Keep the wording of the records intact as you retype them, and omit every image.

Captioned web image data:
━━━━━━

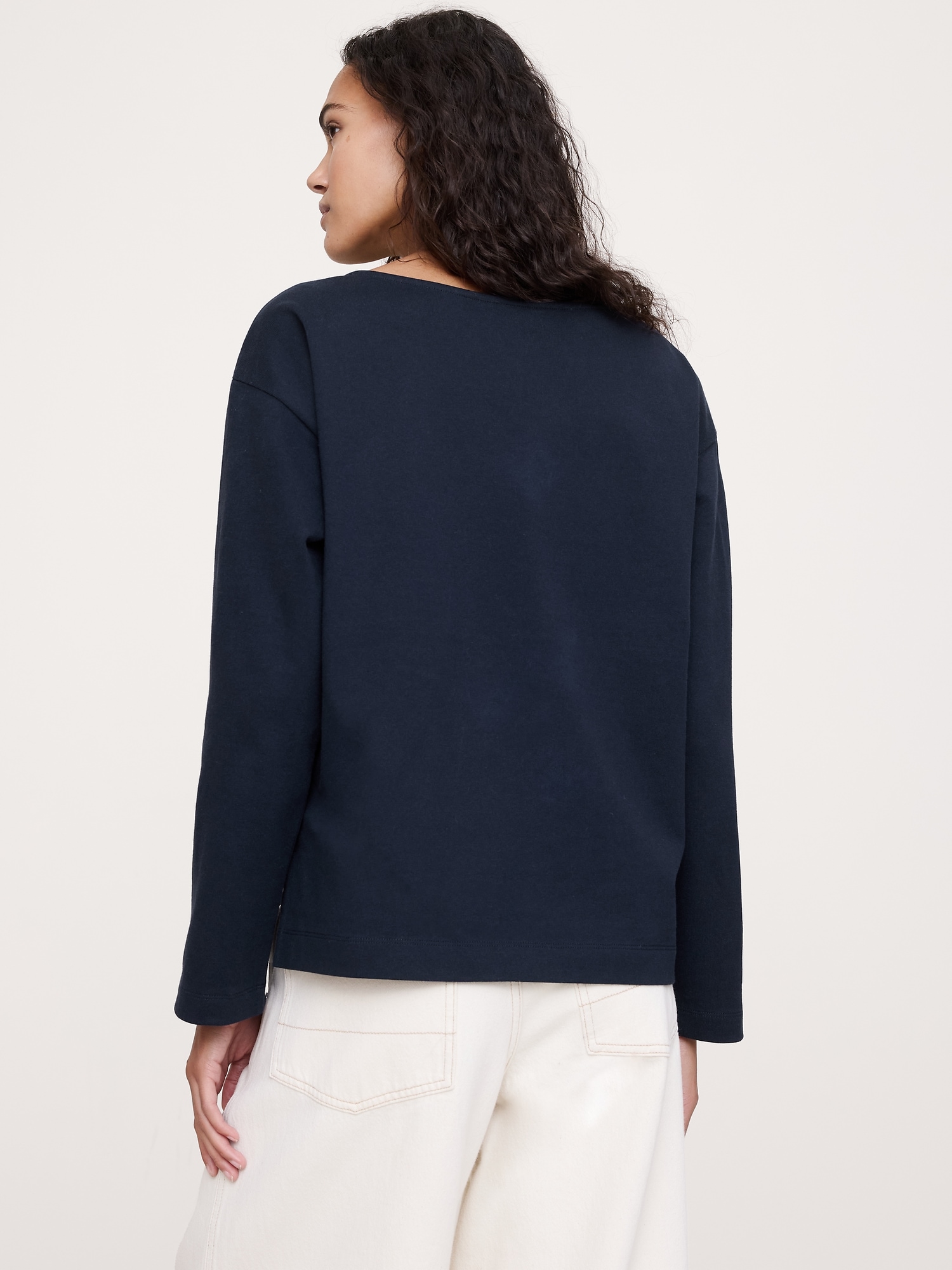 Image number 2 showing, Relaxed Cotton Boat-Neck Top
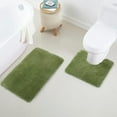 thumbnail image 1 of Yafa Home Fashion 2 Piece Solid Microfiber Soft Bathroom Rug Set, Non-Slip TPR Backing, 1 of 6
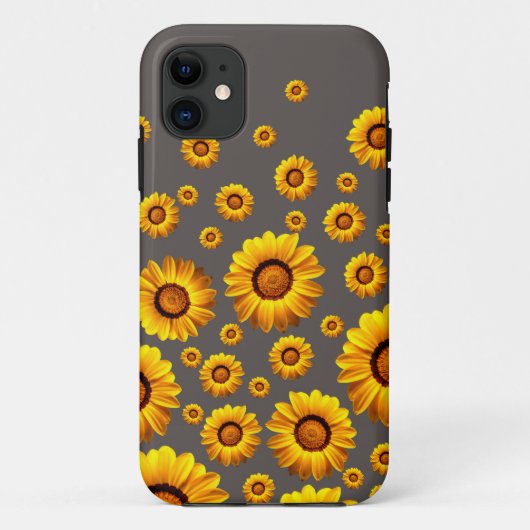 灰色の背景に美しい黄色の花 Case-Mate iPhoneケース (裏面)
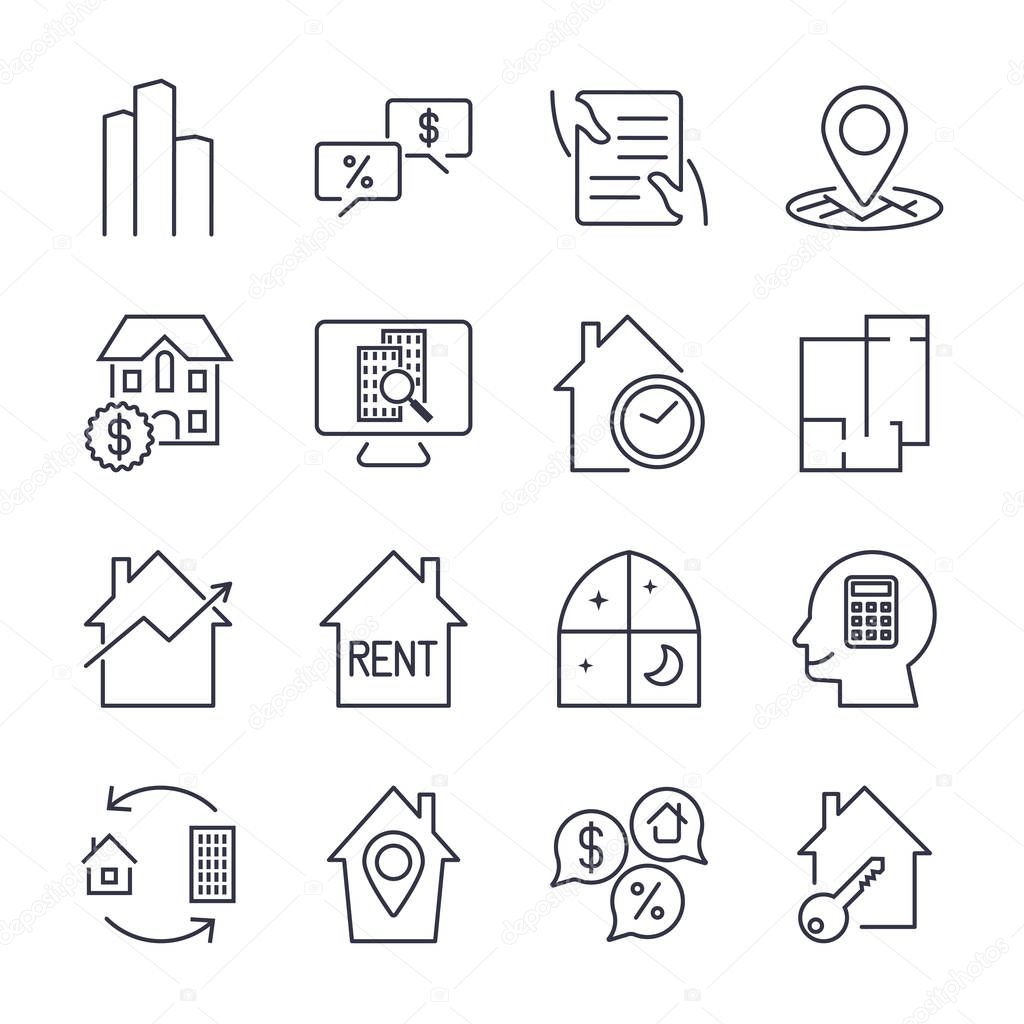 Real Estate Icons. Professional, pixel perfect icons optimized for both large and small resolutions. EPS 10 format. Editable stroke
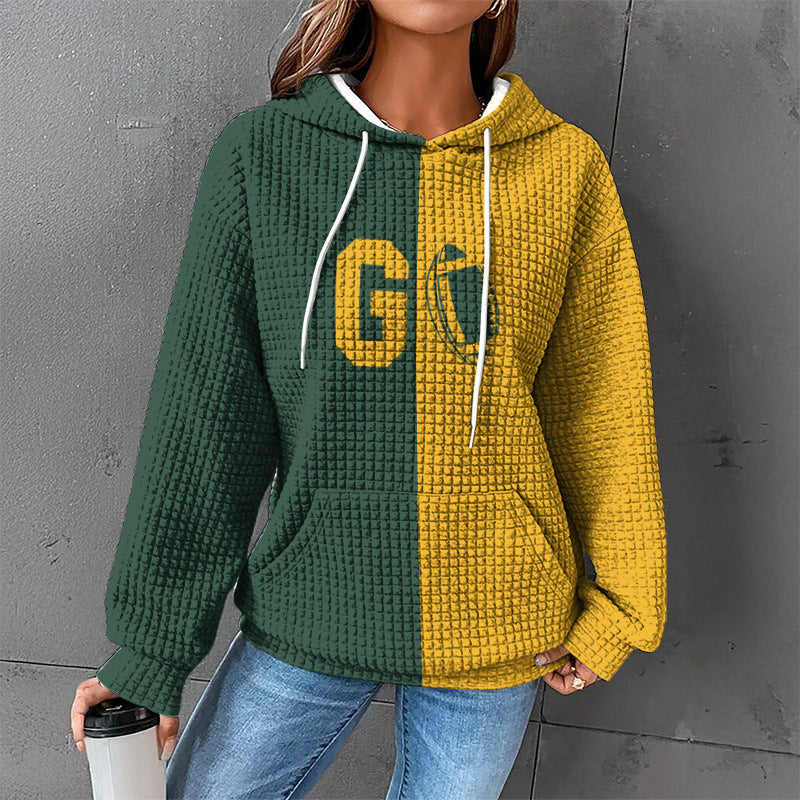 Waffle Sweater Hooded Sweaters Women's Clothing ARZ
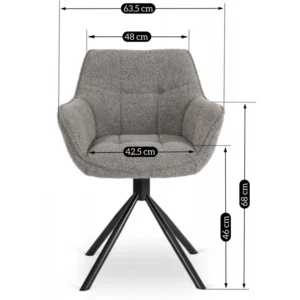 Scaun pivotant PEONY Gri Boucle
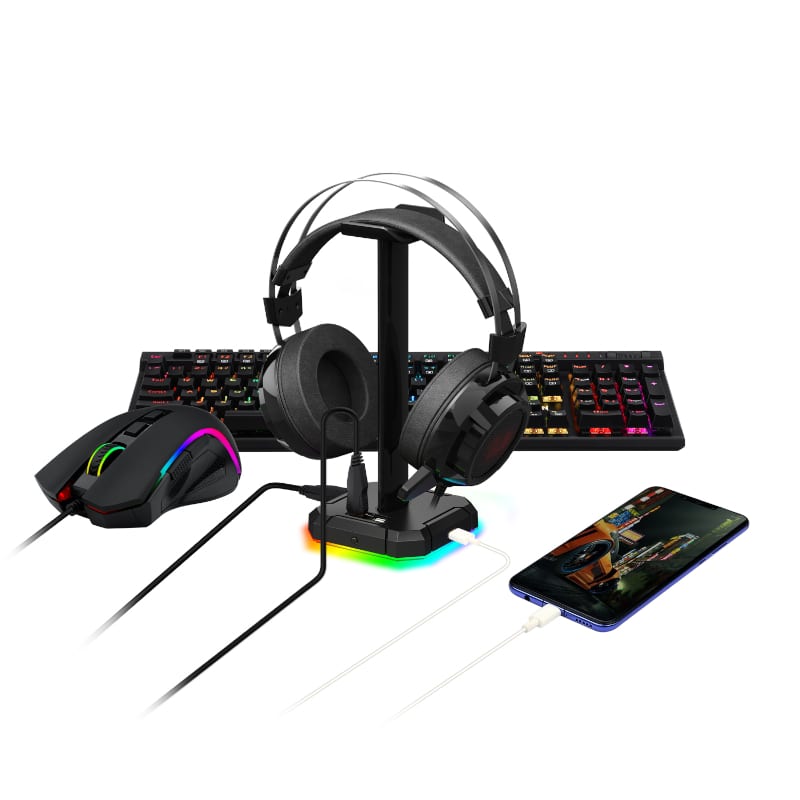 Redragon Scepter Pro Quad USB RGB Headset Stand - Black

━━━━━━

◆ Written solution ◆
 Image number 2 showing, Relaxed Cotton Boat-Neck Top
 thumbnail image 1 of Yafa Home Fashion 2 Piece Solid Microfiber Soft Bathroom Rug Set, Non-Slip TPR Backing, 1 of 6
 灰色の背景に美しい黄色の花 Case-Mate iPhoneケース (裏面)
 Real Estate Icons. Professional, pixel perfect icons optimized for both large and small resolutions. EPS 10 format. Editable stroke
 Waffle Sweater Hooded Sweaters Women's Clothing ARZ
 Scaun pivotant PEONY Gri Boucle
 Redragon Scepter Pro Quad USB RGB Headset Stand - Black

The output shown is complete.